Telecom & Wireless

The Power Of Brands: Google + Verizon Take On Apple

Apple Inc’.s (NASDAQ: AAPL) products are so successful that when it comes to competing with them, every company that tries gets a swing at the pinata. Very few hit it, at least with any force.

The iPod was successful enough that several firms tried to get a piece of its market. The most visible failed attempt was Microsoft Corporation’s (NASDAQ: MSFT) Zune. Several handset companies including Nokia oy (NYSE: NOK), Research-in-Motion (NASDAQ: RIM), and China’s HTC have built smartphones to compete with the iPhone. Apple keeps gaining market share in the sector and now threatens RIM’s place at the top of the market.

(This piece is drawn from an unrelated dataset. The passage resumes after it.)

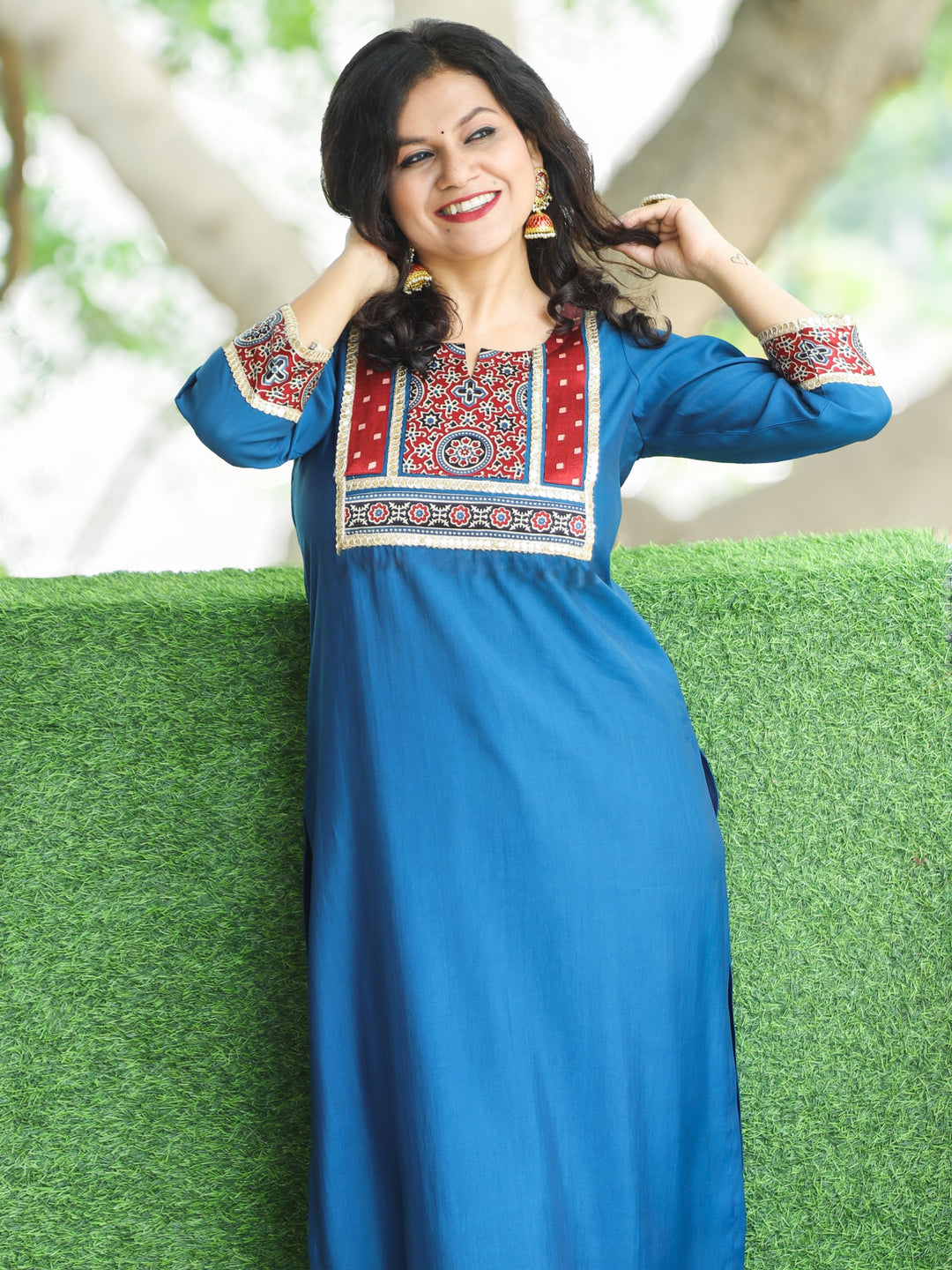 Nirvi Denim Blue Mashru Patch Work Neck with Golden Lace Roman Silk Kurti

Google Inc. (NASDAQ GOOG) and Verizon Wireless will join forces to create a tablet computer to compete with the iPad, which now runs exclusively  on the AT&T (NYSE: T) Wireless network in the US, according to WSJ.com.

Google and Verizon fail, as is often the case, to acknowledge the power of Apple’s brand and the extent to which it quickly builds  an infrastructure, a moat, of software and content around its products. Several PC companies have indicated that they are considering tablets of their own. So far the list includes Hewlett-Packard (NYSE: HPQ) and Dell (NASDAQ: DELL). One of the reasons that these products may not have come to market is Apple’s early dominance of the tablet market.

Apple has sold more than one million iPads so far and has not even begun offering the product overseas. The demand for the iPad has been so great that Apple has run out of the product in some of its retail stores.

Apple has used its brand, built on the tremendous success of the iPod, launched in 2001, to build products which are created to dominate their sectors by cornering the market in the content and software “accessories” to drive sales. The iTunes store quickly became the primary source of digital music. The iPhone has its Apps Store which has nearly 200,000 apps and has already had over 3 billion downloads. None of Apple’s competitors have anywhere near its dominant presence in the smartphone software download business. The large number of successful Apple apps tether iPhone users to the Apple network of wireless software products.

It would go too far to say that no one cares about a Google-driven tablet sold on the Verizon Wireless network, but the tablet buyer market is likely to look at it as trying to play catch-up in a market that Apple has already begun to control.